[Task to complete]:
Please give the whole listing again exactly, without any of its pictures.

[Recorded information]:
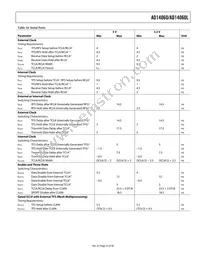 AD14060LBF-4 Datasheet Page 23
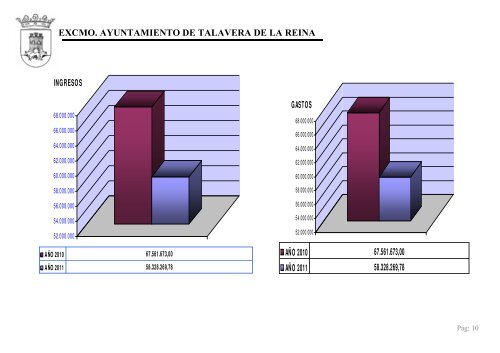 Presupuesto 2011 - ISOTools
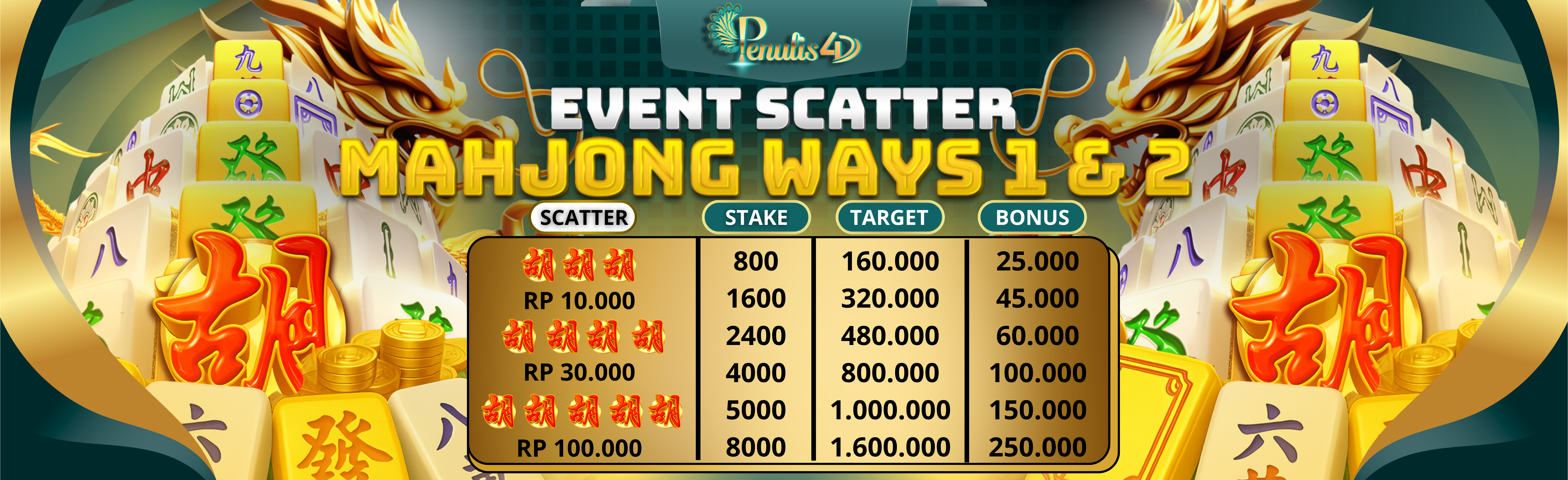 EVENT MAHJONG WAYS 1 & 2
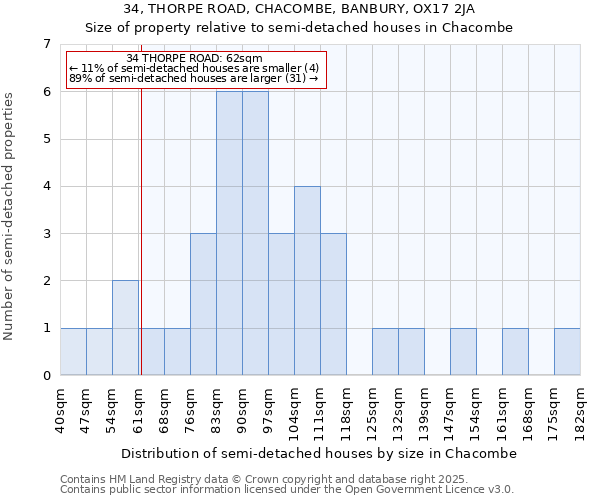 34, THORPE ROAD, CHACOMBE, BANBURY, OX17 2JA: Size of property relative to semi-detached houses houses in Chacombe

[Written reply]:
 AD14060LBF-4 Datasheet Page 23
 Presupuesto 2011 - ISOTools
 EVENT MAHJONG WAYS 1 & 2
 34, THORPE ROAD, CHACOMBE, BANBURY, OX17 2JA: Size of property relative to semi-detached houses houses in Chacombe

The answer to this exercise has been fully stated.